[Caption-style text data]
_____
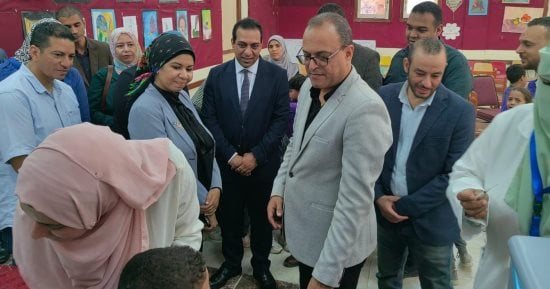 محافظ قنا يوجه بتكثيف الاستعدادات وتذليل المعوقات لإنجاح حملة التطعيم ضد الحصبة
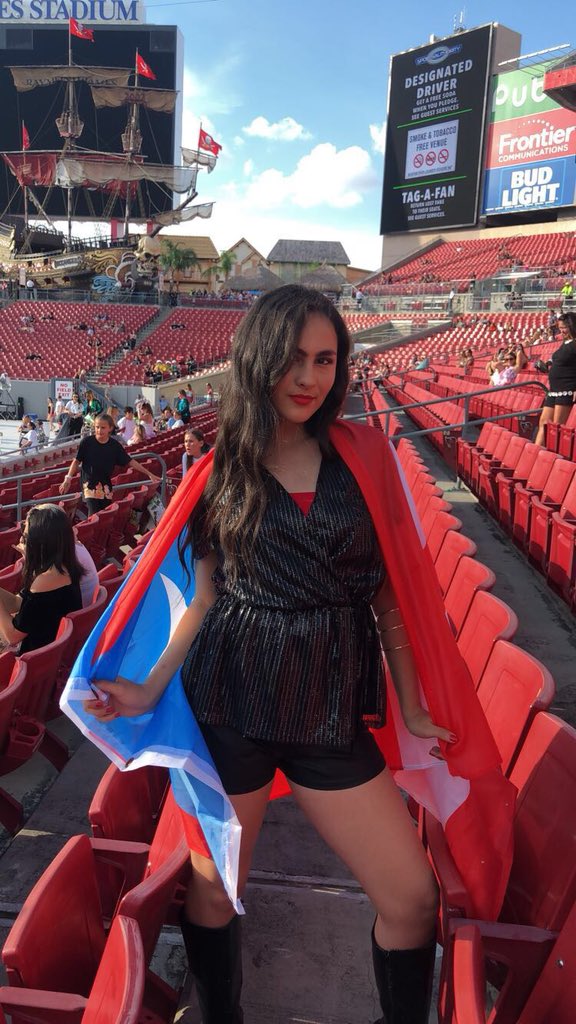 swiftkittens13's tweet photo. I had the time of my life with you ❤️ ✨💃👑 @taylorswift13 @taylornation13 #repTourTampa 🇵🇷 https://t.co/e4AwA2rTyR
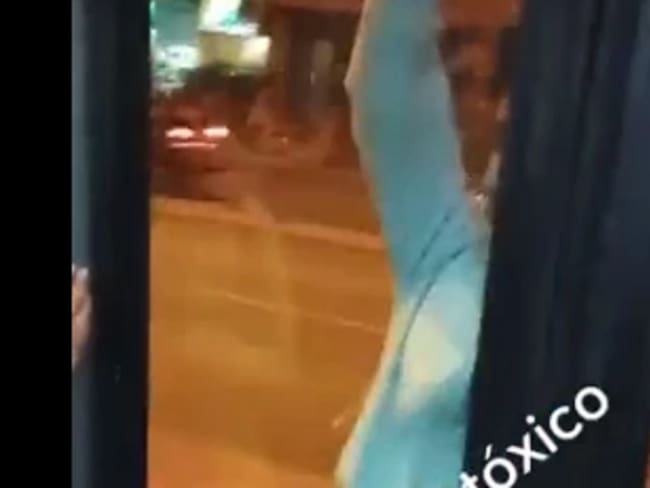 Video: Joven señalado de hurto terminó colgado de la puerta de un Transmilenio | Captura de video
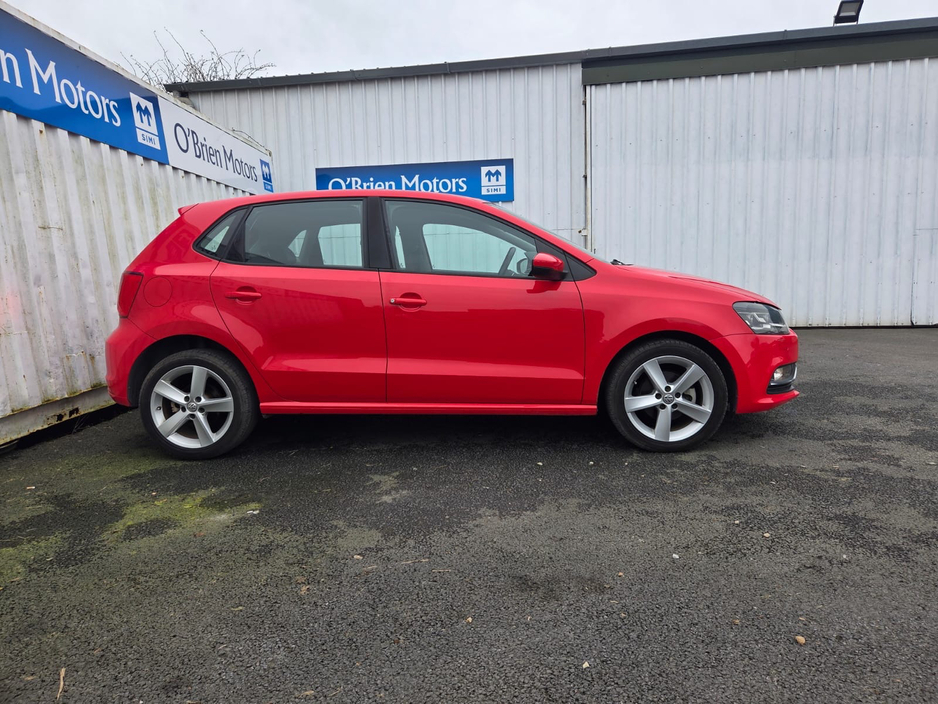 2016 Volkswagen Polo - image 8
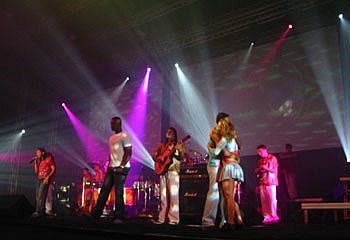 Imagem de destaque para Via Show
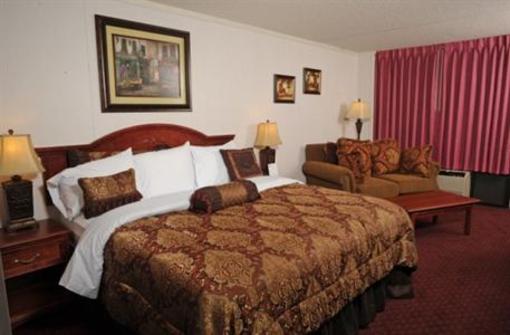 фото отеля Branson Yellow Rose Inn and Suites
_____
Assigned task: The records above should be repeated exactly, with no pictures in the copy.

Solution to this task:
 محافظ قنا يوجه بتكثيف الاستعدادات وتذليل المعوقات لإنجاح حملة التطعيم ضد الحصبة
 swiftkittens13's tweet photo. I had the time of my life with you ❤️ ✨💃👑 @taylorswift13 @taylornation13 #repTourTampa 🇵🇷 https://t.co/e4AwA2rTyR
 Video: Joven señalado de hurto terminó colgado de la puerta de un Transmilenio | Captura de video
 2016 Volkswagen Polo - image 8
 Imagem de destaque para Via Show
 фото отеля Branson Yellow Rose Inn and Suites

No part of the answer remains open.